La réussite éducative sera, pour sa part, largement consacrée à la mise en œuvre de la réforme des rythmes scolaires, dont la facture atteindra, pour le seul 4e trimestre 2014, 134 000 euros hors locaux et prestations extérieures.

La préservation de la qualité de vie passera essentiellement par le respect de l'équilibre urbanistique et environnemental de Meylan, ainsi que par la préservation de la tranquilité publique à laquelle aspirent, à juste titre, les habitants.

Pour ne pas amputer le pouvoir d'achat des Meylanais, les élus reconduisent le gel des taux municipaux des impôts locaux, taxe foncières et taxe d'habitation, misant, cette année plus que jamais, sur une politique de gestion rigoureuse afin de maintenir les équilibres budgétaires.

Le budget devrait s'élever à 31,2 millions d'euros. Les dépenses de fonctionnement seront limitées à 27,61 millions d'euros. L'investissement, axé sur l'entretien du patrimoine communal, se situera dans une fourchette de 3 et 4 millions d'euros. L'encours de la dette sera, quant à lui, ramené a 24,1 millions d'euros environ, soit une baisse de 1,4 %, l'annuité de la dette étant de 3,3 millions d'euros.

Le budget prévisionnel 2014 est soumis au Conseil municipal du 16 décembre 2013.

Télécharger le détail du DOB 2014 (version P.D.F)

Le budget primitif (BP) 2014

Après avoir gelé en 2012 et 2013 son concours financier aux communes à son niveau de 2011, l'Etat a décidé de réduire sa participation à hauteur de 1,5 M€ en 2014, puis en 2015, soit un recul de 2 %. Les subventions versées par le Conseil général de l'Isère à la commune suivent la même tendance. Elles ont été réduites de 48 % entre 2008 et 2014.

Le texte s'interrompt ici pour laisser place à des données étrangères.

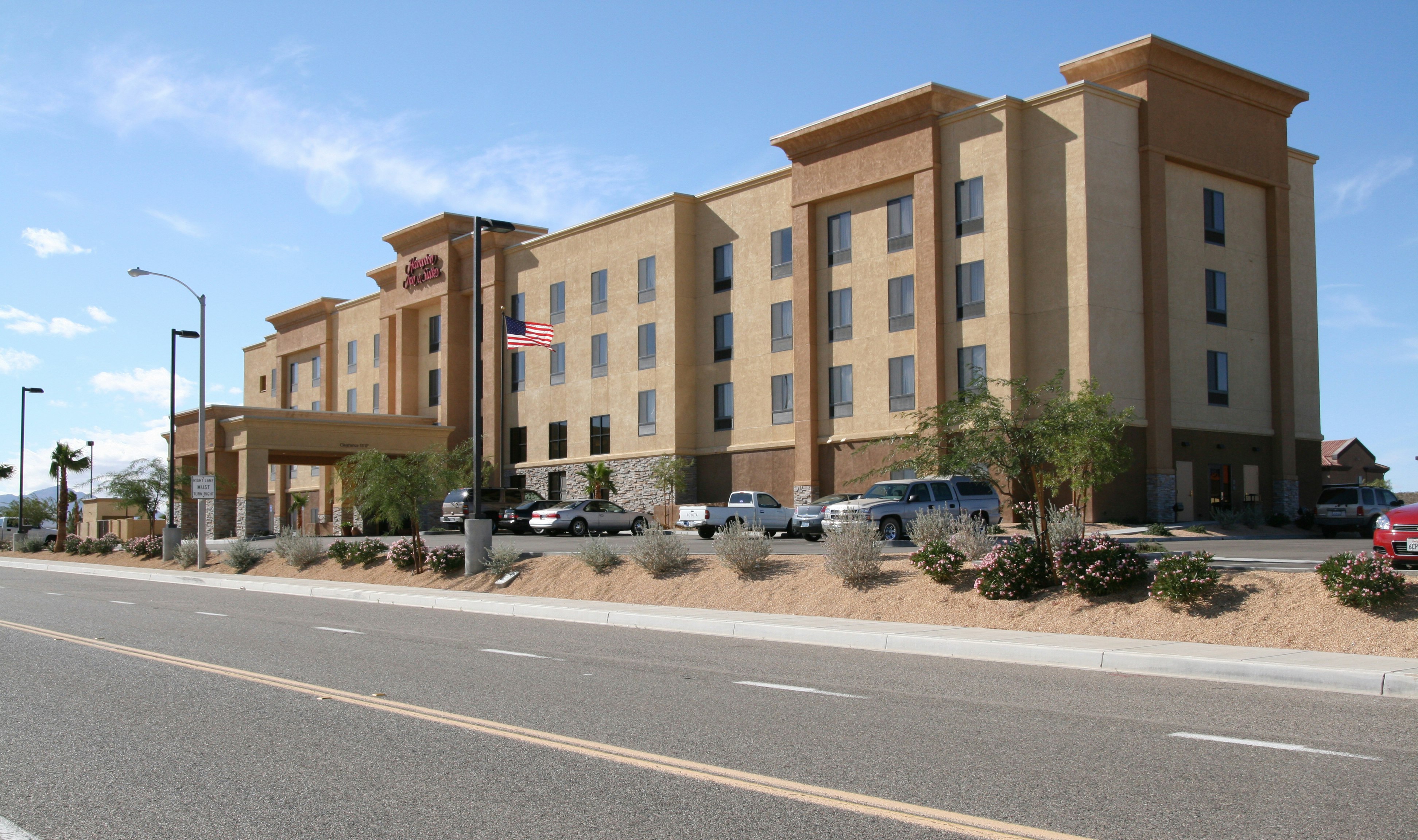 Hampton Inn And Suites Barstow 39/43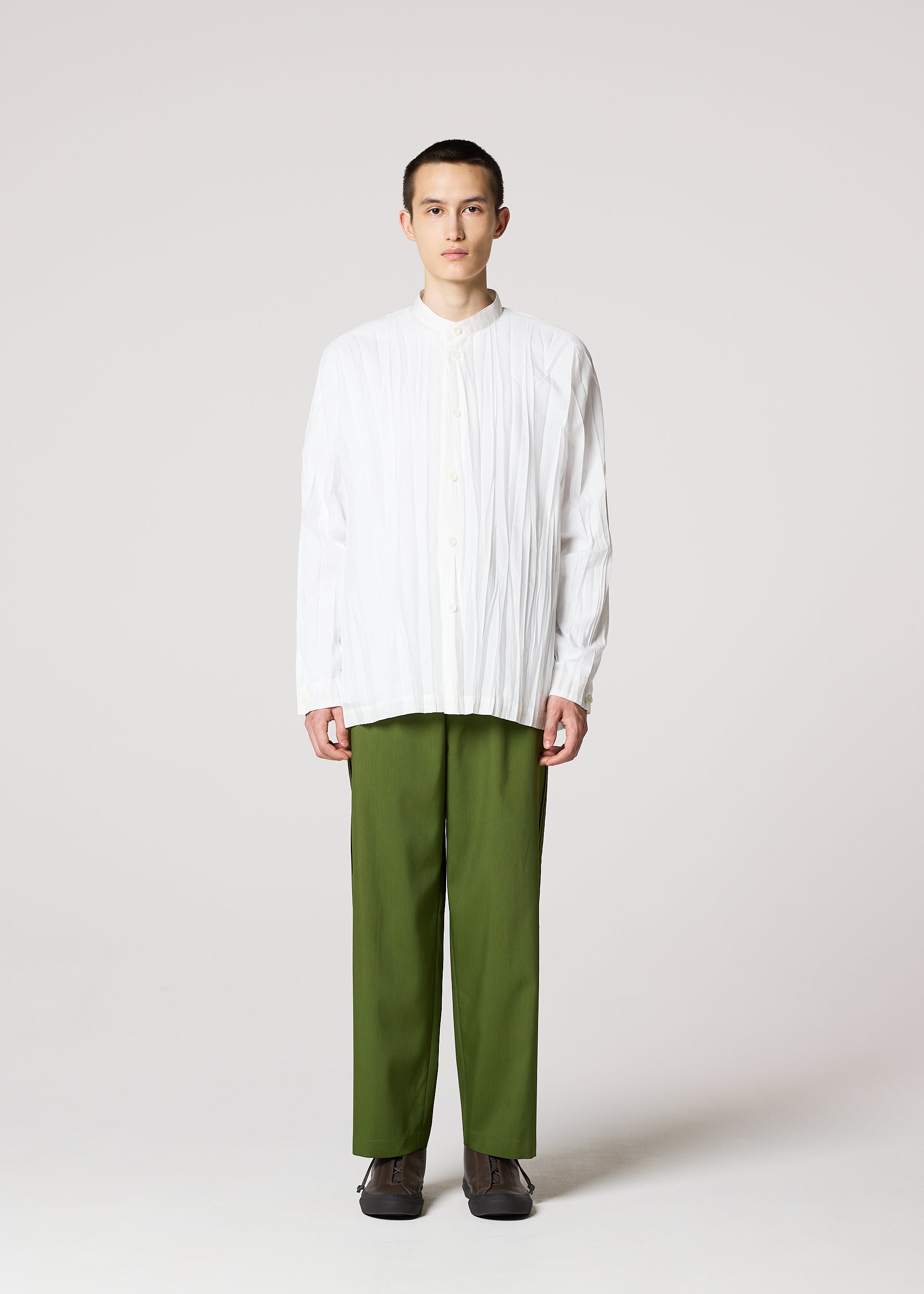 WRINKLE SHIRT Shirt Off-White – ISSEY MIYAKE EU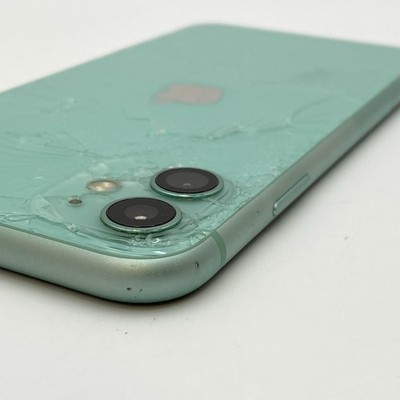 Apple iPhone 11 ミントグリーン 背面カメラ1箇所キズあり Apple iPhone 11 - 64GB - Green (Unlocked) - CRACKED BACK | eBay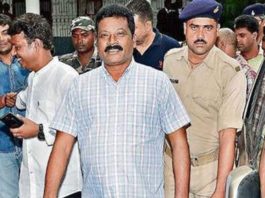 झारखंड में सजा पाने वाले छठे पालिटिशियन हैं एनोस एक्का झारखंड में सजा पाने वाले 5वें पालिटिशियन हैं एनोस एक्का। इससे पहले हरिनारायण राय, सावना लकड़ा, योगेंद्र प्रसाद और अमित महतो सजा पा चुके हैं।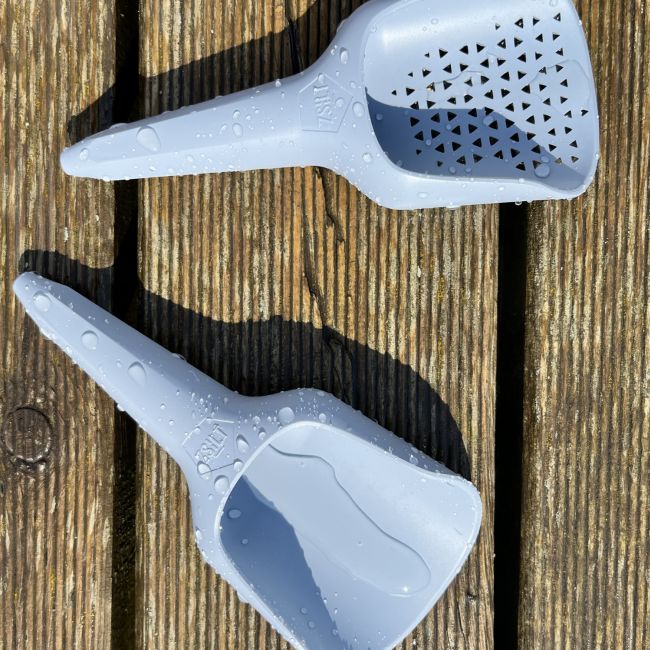 Zestaw zabawek do piasku w wiaderku Zsilt - 3 lata +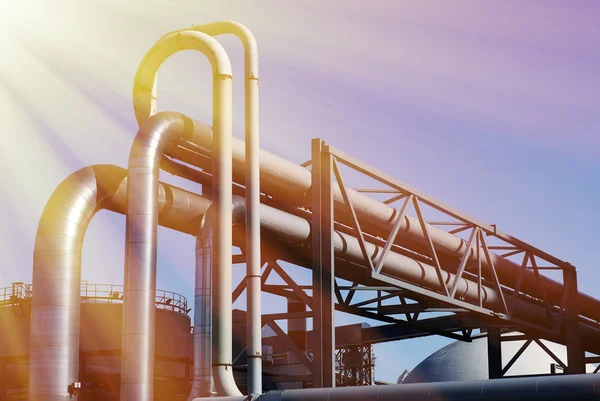 Oleodutos industriais em tubo-ponte contra o céu azul — Fotografia de Stock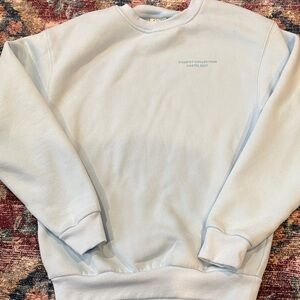 Comfrt crewneck! Size small!!!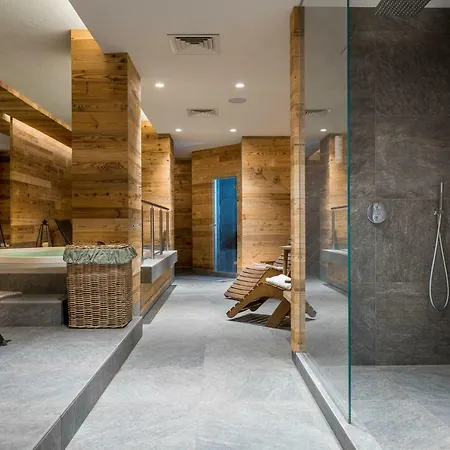 Dei Pini Szálloda 4*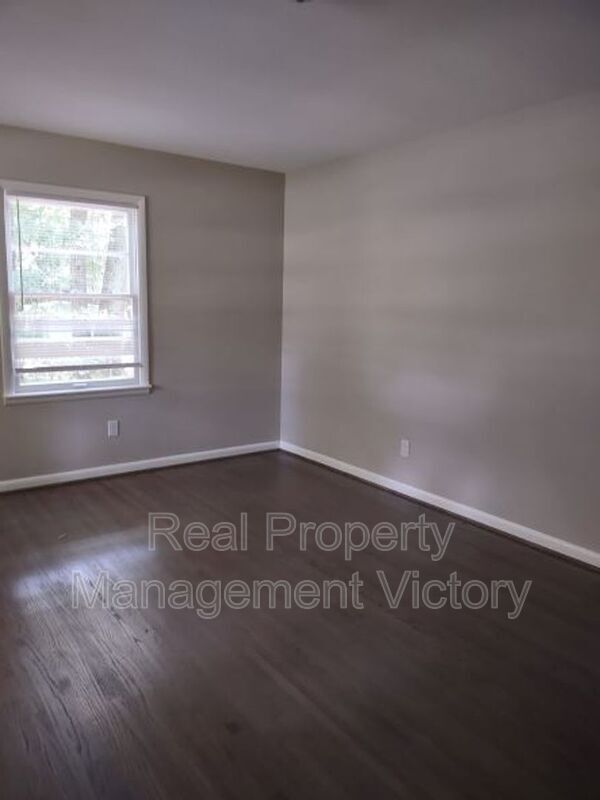 Building Photo - 105 16th Ct Cir NE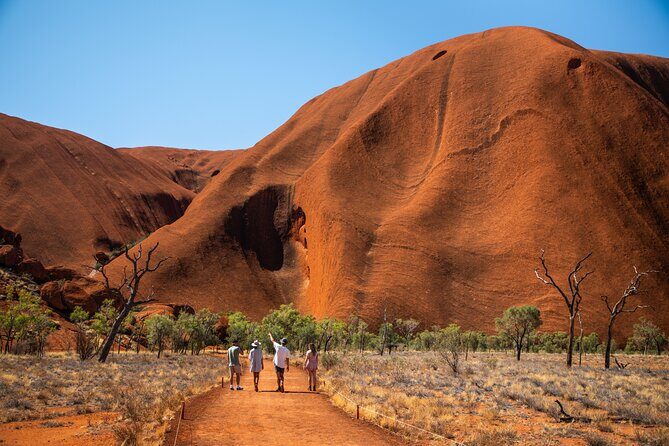Uluru and Kata Tjuta Hop On Hop Off 2 Day Pass - FAQs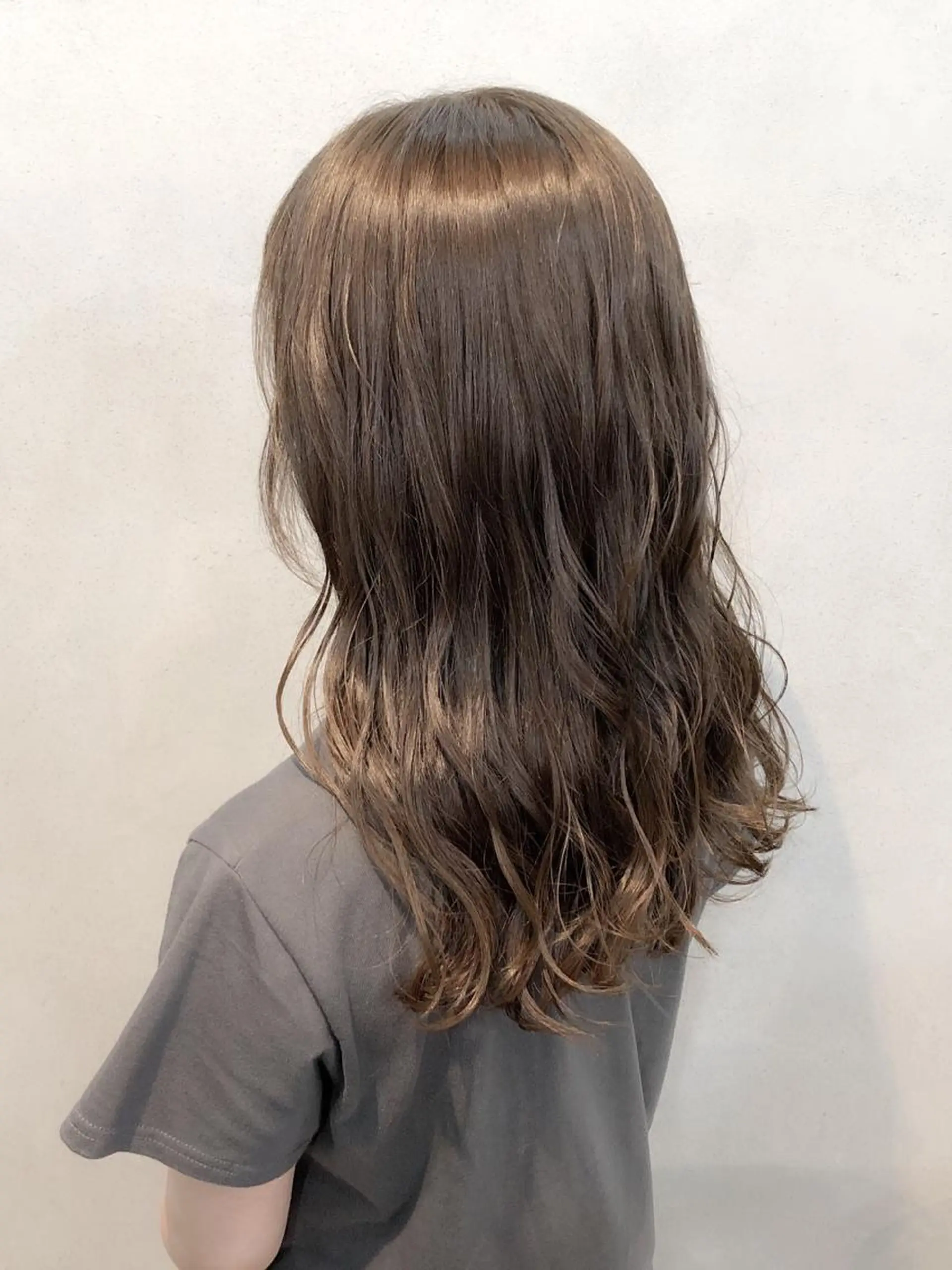 セミロング カラー アッシュ ベージュカラー グレージュ universe tokyoのヘアスタイル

La baisse des recettes se double d'une hausse des dépenses structurelles. Le coût de la réforme des rythmes scolaires, imposée par l'Etat, est estimé à 154 000 pour 2014, dont 134 000 de frais de personnel. Les hausses réglementaires de la masse salariale pèseront, elles aussi, largement sur le budget.

Ce contexte économique tendu se traduit par l'adoption d'un budget prévisionnel de 34,4 M€, soit 3,1 % de moins que l'année précédente. Il est axé sur une politique de proximité, au service de tous les Meylanais : soutien à l'emploi via la poursuite de la redynamisation d'Inovallée, préservation de la tranquillité publique, lutte contre la précarité, aide aux opérations de logements...

Le budget de fonctionnement s'élève à 28,9 M€. Les investissements, d'un montant de 5,5 M€, se limiteront cette année à l'entretien du patrimoine.

La dette s'élevait à 25,3 M€ fin 2013, conformément aux prévisions. Soit 80 % d'emprunt à taux fixe et 20 % à taux variables. Les emprunts structurés dits "toxiques", ont été renégociés et sécurisés en 2013. Au cours des dernières années, l'utilisation du levier de la dette a permis de préserver au maximum les Meylanais d'une hausse d'impôts. Depuis 2001, ils n'ont augmenté que de 8,4 %. A titre de comparaison, la hausse de l'inflation cumulée a atteint 24,6 %.

En 2014, la commune maintiendra son niveau de service public tout en amorçant un désendettement à hauteur de 1 M€. Sans augmenter les taux communaux des impôts locaux.